Adding dendrograms to ordination graphs with pvclust, vegan, BiodiversityR and ggplot2
Roeland Kindt
10/12/2020
1 Packages needed
library(BiodiversityR) # also loads vegan
library(pvclust)
library(ggplot2)
library(ggsci)
library(ggraph)
library(tidygraph)2 Introduction
The main objective of this document is to show a pathway of how dendrograms for results that were obtained via pvclust can be added to ordination graphs in ggplot2. This documents builds on previous document where I showed how to generate ordination graphs with vegan, BiodiversityR and ggplot2 and how to create dendrograms for pvclust results with ggraph.
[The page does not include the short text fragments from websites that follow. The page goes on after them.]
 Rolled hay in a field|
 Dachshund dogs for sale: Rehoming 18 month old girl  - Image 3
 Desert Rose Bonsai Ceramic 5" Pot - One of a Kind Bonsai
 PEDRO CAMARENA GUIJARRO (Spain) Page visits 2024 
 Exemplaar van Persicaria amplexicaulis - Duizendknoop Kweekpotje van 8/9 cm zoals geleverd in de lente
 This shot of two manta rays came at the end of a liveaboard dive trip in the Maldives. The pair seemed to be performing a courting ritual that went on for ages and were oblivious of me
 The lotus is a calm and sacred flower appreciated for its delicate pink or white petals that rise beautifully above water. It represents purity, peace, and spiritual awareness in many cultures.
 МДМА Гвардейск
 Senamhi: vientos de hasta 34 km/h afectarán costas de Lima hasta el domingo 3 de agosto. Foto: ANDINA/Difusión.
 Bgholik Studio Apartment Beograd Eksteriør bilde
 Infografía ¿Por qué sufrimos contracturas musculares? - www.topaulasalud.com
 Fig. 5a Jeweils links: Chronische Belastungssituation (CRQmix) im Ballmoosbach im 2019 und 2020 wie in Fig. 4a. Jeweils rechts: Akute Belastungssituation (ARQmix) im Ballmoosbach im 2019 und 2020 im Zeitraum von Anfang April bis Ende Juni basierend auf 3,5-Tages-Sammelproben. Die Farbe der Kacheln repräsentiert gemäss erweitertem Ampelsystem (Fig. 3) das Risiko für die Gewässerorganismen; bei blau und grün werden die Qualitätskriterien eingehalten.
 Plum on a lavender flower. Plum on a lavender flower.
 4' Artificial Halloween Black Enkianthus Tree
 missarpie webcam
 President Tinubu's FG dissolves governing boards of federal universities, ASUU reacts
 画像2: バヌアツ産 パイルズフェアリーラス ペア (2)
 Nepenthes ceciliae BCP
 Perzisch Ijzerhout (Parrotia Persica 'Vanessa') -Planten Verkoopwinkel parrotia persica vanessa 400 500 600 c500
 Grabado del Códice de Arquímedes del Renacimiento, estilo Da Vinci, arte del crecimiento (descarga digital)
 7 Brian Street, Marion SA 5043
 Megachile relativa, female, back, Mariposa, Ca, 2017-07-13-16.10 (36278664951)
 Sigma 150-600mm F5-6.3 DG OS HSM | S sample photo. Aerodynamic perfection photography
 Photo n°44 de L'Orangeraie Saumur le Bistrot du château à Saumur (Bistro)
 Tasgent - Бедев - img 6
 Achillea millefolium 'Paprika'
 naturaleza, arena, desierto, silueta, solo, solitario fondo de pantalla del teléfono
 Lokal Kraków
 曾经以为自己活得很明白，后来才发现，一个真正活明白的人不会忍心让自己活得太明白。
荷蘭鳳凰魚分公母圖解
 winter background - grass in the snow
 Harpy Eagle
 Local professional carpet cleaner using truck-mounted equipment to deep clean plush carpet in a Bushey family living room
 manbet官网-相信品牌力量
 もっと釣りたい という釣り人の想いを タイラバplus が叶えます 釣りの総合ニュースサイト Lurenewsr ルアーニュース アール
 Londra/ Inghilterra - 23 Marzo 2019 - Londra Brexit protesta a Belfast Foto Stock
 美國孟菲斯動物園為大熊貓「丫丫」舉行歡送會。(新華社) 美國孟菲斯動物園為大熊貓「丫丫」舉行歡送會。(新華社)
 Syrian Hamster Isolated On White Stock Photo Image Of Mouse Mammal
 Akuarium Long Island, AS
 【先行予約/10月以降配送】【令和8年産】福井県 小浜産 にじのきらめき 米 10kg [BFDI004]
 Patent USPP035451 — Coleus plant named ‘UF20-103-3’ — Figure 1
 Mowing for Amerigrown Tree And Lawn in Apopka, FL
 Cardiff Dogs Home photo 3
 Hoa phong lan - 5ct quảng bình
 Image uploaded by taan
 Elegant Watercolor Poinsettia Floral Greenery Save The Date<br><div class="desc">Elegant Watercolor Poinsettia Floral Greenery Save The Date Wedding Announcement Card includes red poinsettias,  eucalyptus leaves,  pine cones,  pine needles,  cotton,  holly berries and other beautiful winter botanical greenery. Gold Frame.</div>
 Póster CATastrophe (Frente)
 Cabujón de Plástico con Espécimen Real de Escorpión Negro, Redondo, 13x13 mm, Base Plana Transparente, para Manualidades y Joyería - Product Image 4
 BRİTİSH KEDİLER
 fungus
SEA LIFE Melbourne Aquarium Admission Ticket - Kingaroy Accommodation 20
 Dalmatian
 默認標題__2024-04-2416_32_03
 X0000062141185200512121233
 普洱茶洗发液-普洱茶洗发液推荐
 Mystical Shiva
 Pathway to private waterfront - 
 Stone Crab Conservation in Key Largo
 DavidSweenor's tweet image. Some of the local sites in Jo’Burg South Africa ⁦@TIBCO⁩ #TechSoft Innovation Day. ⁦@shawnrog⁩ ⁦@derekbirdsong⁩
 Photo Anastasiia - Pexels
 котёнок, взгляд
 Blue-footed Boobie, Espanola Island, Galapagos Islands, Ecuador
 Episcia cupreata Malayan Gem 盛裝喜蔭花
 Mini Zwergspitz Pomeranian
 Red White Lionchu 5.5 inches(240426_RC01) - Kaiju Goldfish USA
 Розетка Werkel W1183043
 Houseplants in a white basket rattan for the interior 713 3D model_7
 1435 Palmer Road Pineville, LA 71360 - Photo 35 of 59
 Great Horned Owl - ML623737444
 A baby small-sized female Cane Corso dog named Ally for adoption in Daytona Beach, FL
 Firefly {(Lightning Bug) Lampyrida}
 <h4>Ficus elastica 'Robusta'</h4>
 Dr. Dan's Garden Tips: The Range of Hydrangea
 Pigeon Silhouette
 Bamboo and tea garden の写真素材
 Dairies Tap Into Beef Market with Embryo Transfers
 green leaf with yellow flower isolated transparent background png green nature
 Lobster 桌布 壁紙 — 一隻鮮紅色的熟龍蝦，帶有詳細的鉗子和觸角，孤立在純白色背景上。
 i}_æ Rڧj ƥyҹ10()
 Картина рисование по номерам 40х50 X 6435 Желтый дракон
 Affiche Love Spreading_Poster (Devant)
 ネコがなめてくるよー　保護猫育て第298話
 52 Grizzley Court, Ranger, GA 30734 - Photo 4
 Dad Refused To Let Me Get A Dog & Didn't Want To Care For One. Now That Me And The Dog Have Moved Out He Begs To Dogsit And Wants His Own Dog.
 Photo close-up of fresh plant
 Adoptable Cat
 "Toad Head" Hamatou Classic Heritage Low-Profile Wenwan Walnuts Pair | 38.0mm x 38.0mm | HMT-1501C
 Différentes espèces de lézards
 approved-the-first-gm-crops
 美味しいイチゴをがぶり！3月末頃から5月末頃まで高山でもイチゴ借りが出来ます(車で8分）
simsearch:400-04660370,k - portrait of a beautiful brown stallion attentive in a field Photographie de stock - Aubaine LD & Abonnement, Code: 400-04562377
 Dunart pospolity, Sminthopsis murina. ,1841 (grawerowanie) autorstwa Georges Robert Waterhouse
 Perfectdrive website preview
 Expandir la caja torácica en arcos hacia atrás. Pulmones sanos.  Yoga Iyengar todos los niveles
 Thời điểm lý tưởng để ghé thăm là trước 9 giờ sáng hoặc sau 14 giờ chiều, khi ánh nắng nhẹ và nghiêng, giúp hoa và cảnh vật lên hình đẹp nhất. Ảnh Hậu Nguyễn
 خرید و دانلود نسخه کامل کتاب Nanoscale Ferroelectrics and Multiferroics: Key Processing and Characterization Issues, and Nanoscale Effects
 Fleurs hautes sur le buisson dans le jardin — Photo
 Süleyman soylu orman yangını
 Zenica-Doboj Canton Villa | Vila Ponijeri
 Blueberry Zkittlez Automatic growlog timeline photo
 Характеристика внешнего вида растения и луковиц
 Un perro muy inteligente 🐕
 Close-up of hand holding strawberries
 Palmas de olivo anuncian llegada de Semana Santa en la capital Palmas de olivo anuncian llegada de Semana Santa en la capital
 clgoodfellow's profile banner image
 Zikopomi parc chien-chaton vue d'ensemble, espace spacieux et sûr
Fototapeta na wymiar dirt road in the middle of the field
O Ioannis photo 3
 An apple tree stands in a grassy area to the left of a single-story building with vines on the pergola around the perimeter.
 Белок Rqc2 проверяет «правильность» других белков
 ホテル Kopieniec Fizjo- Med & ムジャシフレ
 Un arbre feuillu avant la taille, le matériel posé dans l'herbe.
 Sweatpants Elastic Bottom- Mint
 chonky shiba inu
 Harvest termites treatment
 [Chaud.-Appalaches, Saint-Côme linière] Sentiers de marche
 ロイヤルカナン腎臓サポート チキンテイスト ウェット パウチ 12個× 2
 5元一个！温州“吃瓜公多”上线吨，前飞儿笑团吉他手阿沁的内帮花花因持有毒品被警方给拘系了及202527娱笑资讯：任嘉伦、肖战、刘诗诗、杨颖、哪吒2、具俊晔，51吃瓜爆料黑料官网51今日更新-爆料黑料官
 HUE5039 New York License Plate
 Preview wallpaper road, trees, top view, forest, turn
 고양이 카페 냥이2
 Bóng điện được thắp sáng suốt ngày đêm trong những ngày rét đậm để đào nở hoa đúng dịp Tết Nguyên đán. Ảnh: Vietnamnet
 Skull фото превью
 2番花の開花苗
3 Step 1: Conduct the pvclust analysis
3.1 Load the data
The dune meadow data sets have been used as case study in Data Analysis in Community and Landscape Ecology, the Tree Diversity Analysis manual on community ecology and biodiversity analysis (this manual can be downloaded for free from this website ) and various recent examples of generating ordination graphs, species accumulation curves and Renyi diversity profiles.
data(dune)
str(dune)## 'data.frame': 20 obs. of 30 variables:
## $ Achimill: num 1 3 0 0 2 2 2 0 0 4 ...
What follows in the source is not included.